SM35581SM2019: Homework 6, ex1 and Notebook 6

I am currently attempting to tackle exercise 1 of homework 6 and have several questions in its regard and on the first part of notebook 6.
Please excuse me if some of these might be trivial.

1. We're assuming that the values we're trying to fit are the numbers of deads for each population group, which we assumed to be distributed as a Poisson, therefore the dataset contains a total of 35 total observations. Is this assumption correct? I'm asking because, if this is the case, the dataset consists solely of single observations for each subgroup, which makes me fear may raise complications when performing the train-test split.

2. I'm not sure on how to treat the cathegorical covariates when expressing their relation with the poisson's mean: i'm assuming that just using their integer representation in the linear combination of the exponent would be a bad idea, as it would introduce a sequentiality which is not necessarily implied by the correspondent label (even if, perhaps, still reasonable when representing the age buckets). Is this a legit concern?

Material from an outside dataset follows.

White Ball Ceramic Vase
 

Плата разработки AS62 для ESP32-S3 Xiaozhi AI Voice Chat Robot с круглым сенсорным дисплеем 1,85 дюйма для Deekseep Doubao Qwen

3. Assuming the answer to the previous is "yes", i'd use the following representation:
    - The "age" buckets use a one-hot representation. Each component has its own weight in the sum (9 buckets, therefore 9 separate weights)
    - The "smoking habits" cathegories uses two binary variables (i.e. "smokes cigarettes" and "smokes cigars and pipes"), thus mapping to two terms in the linear combination with separate weights.
    Would such representation be correct or am I over-complicating the matter?

4. Should we introduce an additional gaussian noise on top of the Poisson? If not, why?

5. I'd assume a standard prior for all the weights and the bias in both the model and the guide since I see no particular reason to prefer other distributions. Am I missing something there?

6. Related to the previous, is there any particular reason for which, in notebook 6, a LogNormal was chosen for the bias term (other than making the posterior analitically untractable)? And why would one chose a different distribution for the weights in the guide? And, why the (multivariate, i suppose?) Gamma in that specific case?

7. Still about notebook 6, why were the hyper-hyper-parameters w_loc, w_scale, b_loc and b_scale initialised using `torch.rand()` instead of sampling a uniform distribution in (0,1)?

Excuse me for the torrent of questions, I would much appreciate your guidance on these doubts.